Black and white visualizations of old Tarzan movies instantly flooded my mind when I read this morning’s newspaper about Cheeta. Cheeta the chimp, who starred in several, if not all of the Tarzan movies, was captured in Africa in 1930 and brought to Hollywood. Although I definitely dream and visualize in color in this case I could not because the movies were in black and white.

In the photo accompanying the article Cheeta appears frizzled and grizzled yet not all that bad for 74 today. He still has all of his teeth. Stated in the article is an interesting statistic: “Chimps rarely live past the age of 40 in the wild, but can reach 60 in captivity.”

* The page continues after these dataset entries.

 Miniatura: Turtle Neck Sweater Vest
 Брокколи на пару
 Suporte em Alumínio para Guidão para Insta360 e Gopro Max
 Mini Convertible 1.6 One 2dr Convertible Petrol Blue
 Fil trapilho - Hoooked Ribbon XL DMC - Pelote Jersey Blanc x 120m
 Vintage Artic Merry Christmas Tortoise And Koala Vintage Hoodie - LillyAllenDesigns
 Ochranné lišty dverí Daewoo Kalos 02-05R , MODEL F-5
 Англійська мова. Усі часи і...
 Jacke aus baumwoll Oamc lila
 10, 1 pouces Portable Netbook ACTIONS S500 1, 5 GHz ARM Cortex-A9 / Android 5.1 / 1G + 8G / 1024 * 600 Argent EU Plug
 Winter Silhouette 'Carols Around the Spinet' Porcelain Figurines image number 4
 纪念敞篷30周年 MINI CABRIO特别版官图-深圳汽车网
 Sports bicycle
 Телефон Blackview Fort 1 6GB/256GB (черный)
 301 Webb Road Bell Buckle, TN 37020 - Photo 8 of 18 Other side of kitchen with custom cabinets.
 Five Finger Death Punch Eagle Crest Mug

This interesting statistic regarding a primate, not actually considered to be all that close to the class of primates called homo sapiens (supposedly we have a more direct connection back to the lemurs), is that I myself turn 62 this month, well on my way towards 74. Born and aised in captivity I have nonetheless managed to escape into the wild for several years before being reeled back in to the prison of our society barred with the steel security of health insurance, the purchasing power of money, and a myriad of technical objects captivating in their stimulation rivaled only by the responses elicited by the opposite sex resulting in male multiple orgasm (no, its not ALL about me).

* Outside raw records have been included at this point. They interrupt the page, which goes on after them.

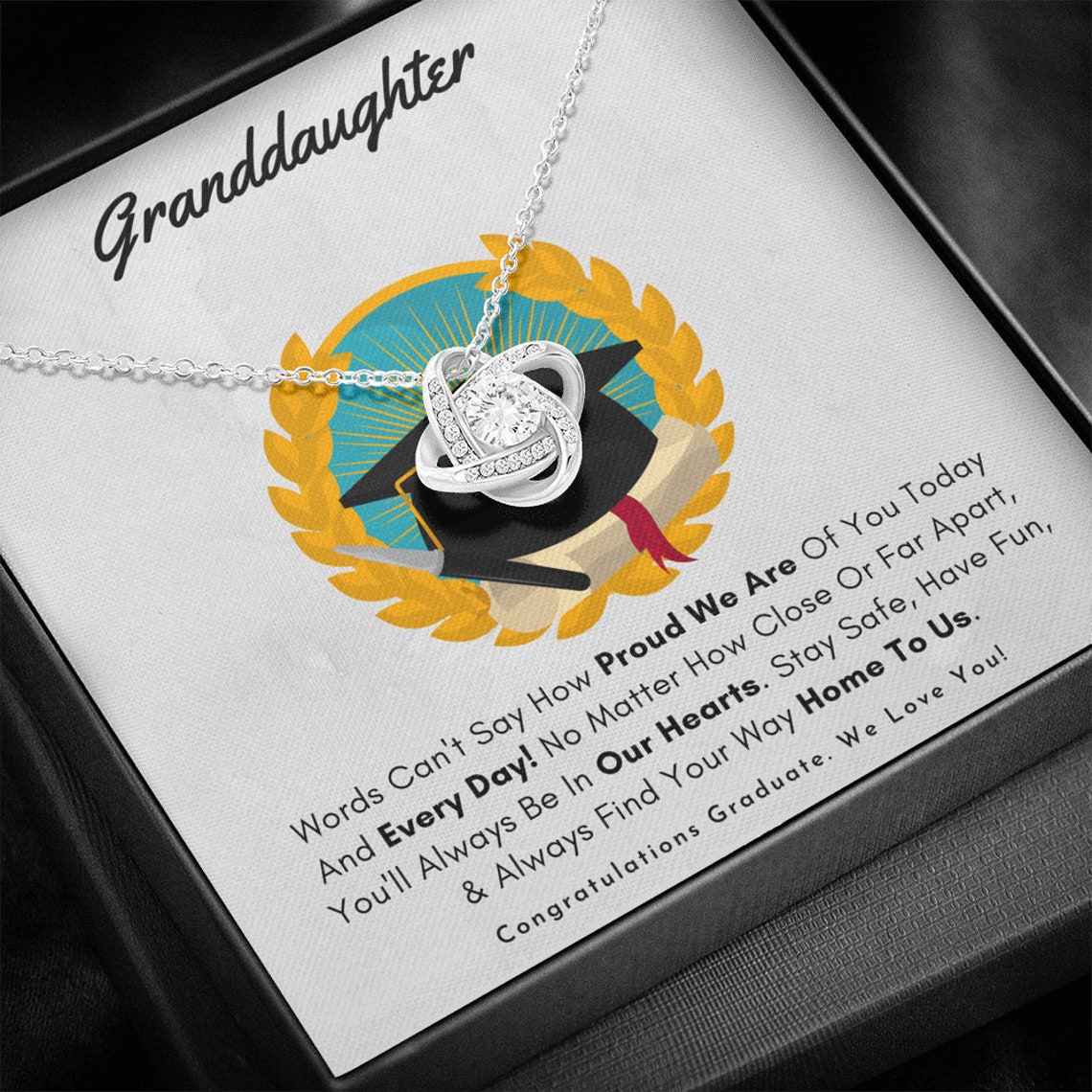 Graduation Gift for Granddaughter Class 2021 Graduation Gift Etsy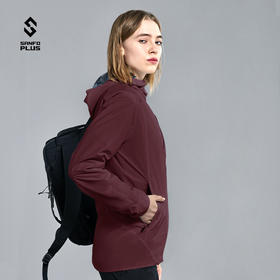 SANFO PLUS 女款燧石抓绒三合一冲锋衣SJW 21071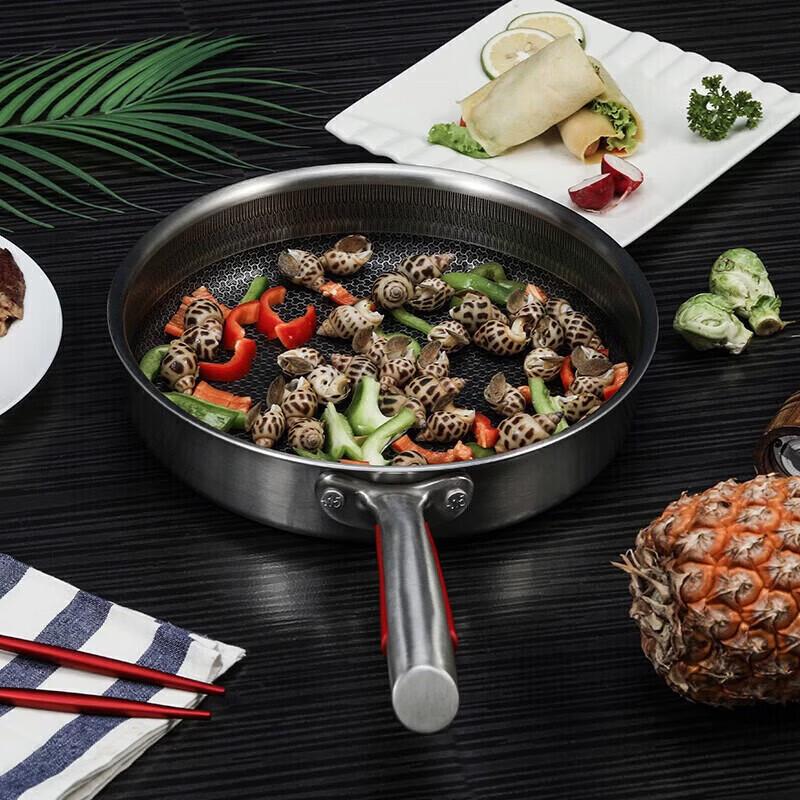 Kambach 3rd Gen Honeycomb 316L Stainless Steel Frying Pan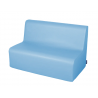 Didelė dvivietė sofa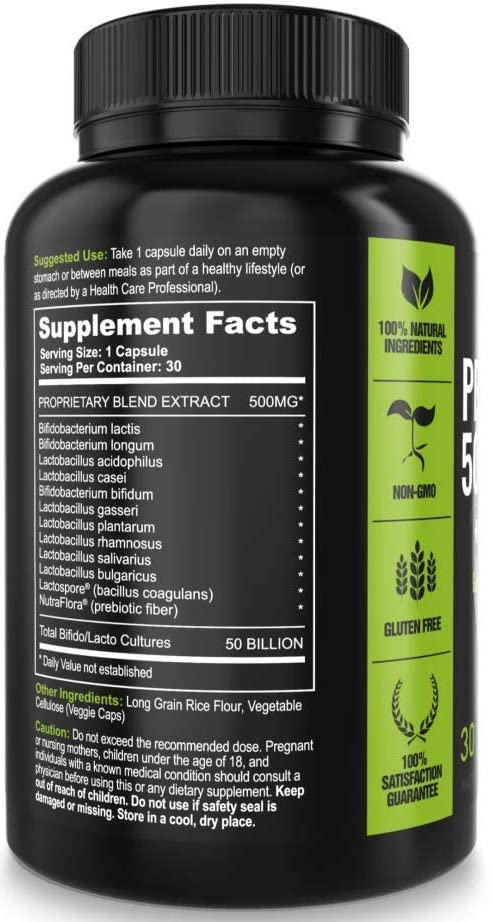 DNA SHIFT Probiotics dosis diaria, soporte digestivo constante.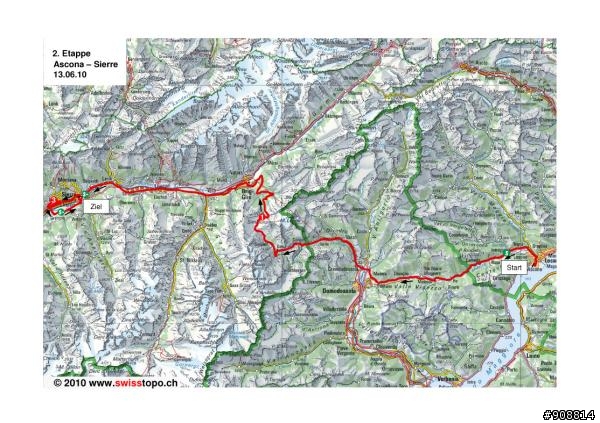 2010環法大賽前的最後一個熱身賽-Tour de Suisse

Color takes over as I visualize the coral heads surrounded by several varieties of many fish which I attempted to record on film with my underwater camera in the water close to a tropical island 5 degrees north of the equator in the Pacific. Needing another breath of air I slowly moved back towards the surface only to face directly into the very interested coal black eyes of a rare long-finned Mako shark. In my opinion any animal larger than me seems to be VERY big, especially if it is a shark bristling with teeth. The Mako is the fastest shark in the open ocean, pelagic, and capable of running down large tuna raking them with those long teeth to slow them down for a more casual gulp. Much like a great white these smaller brothers are not to be ignored like some white tip reef shark patrolling its territory around the coral reefs.

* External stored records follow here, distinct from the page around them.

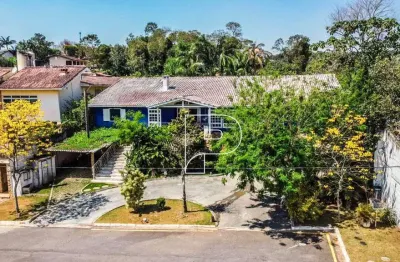 Casa com 4 dormitórios à venda, 700 m² por r$ 2.000.000,00 - granja viana - cotia/sp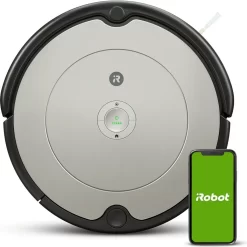IRobot Roomba 698 Saugroboter App-Steuerung Sprachassistent 3 Reinigungsstufen -Küchendiscounter 30ab0e253d73f6e8d379a1f556e863c0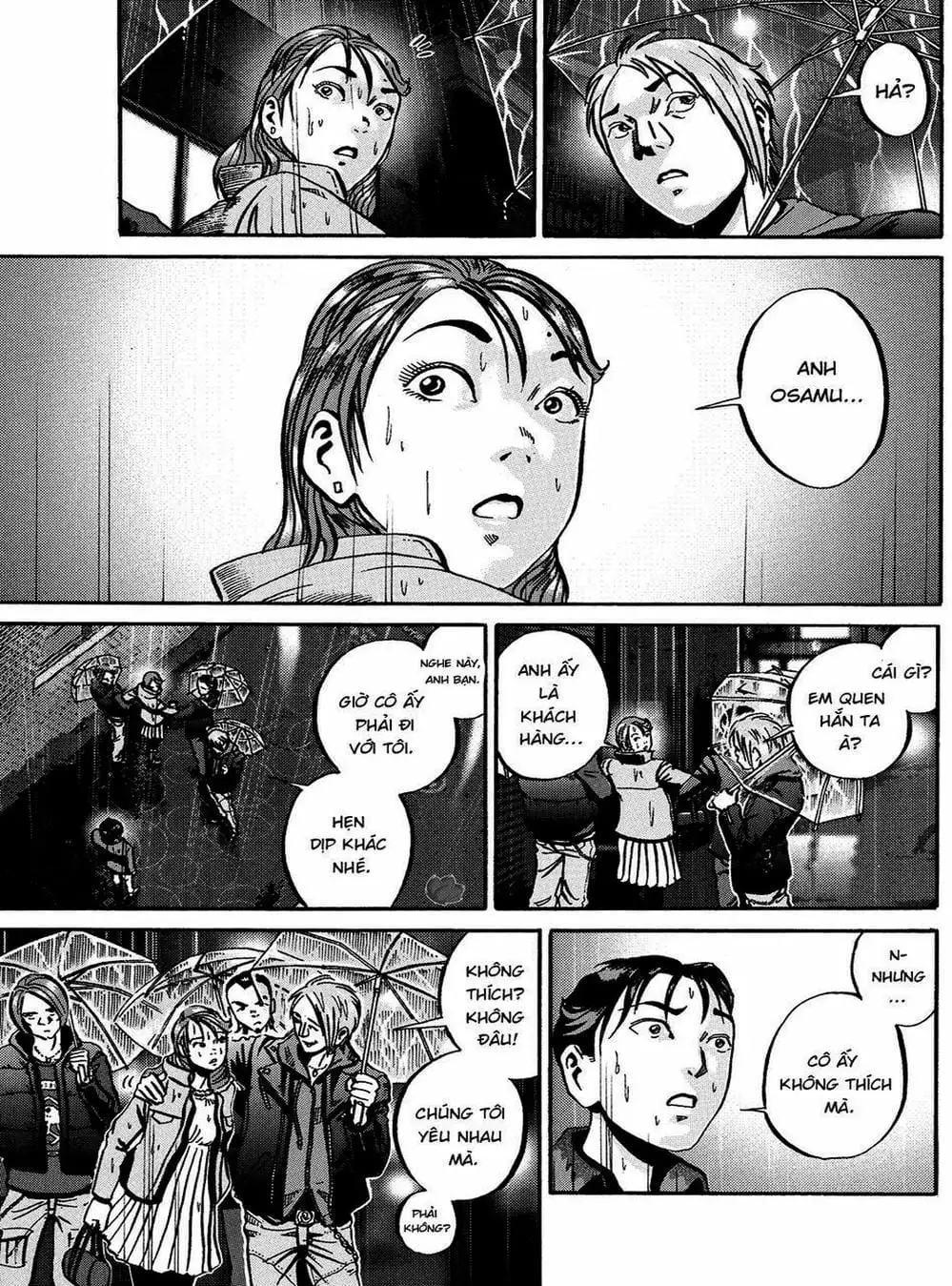 Truyện Tranh Giấy Báo Tử - Ikigami trang 6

One “test bite” by that Mako would render any health insurance as useless as a huge bank account in Switzerland for someone like myself having “cruiseheimers” and too remote and incapable of recalling anything other than, “I wonder what I should do now?” Take me to Hollywood, anywhere safe, no not safe there either, too many sharks! Now you should picture just what that Mako was observing. A potential meal with two black fins sticking out the back where they should be but what is that big boxy thing with two long stiff arms and two smaller boxes on the end? What is that fish? My camera’s underwater housing also had two long strobes attached by long arms and I was wearing an old pair of 70’s style ugly polyester pants to avoid scratches from coral (those pants just would not wear out even with the coral).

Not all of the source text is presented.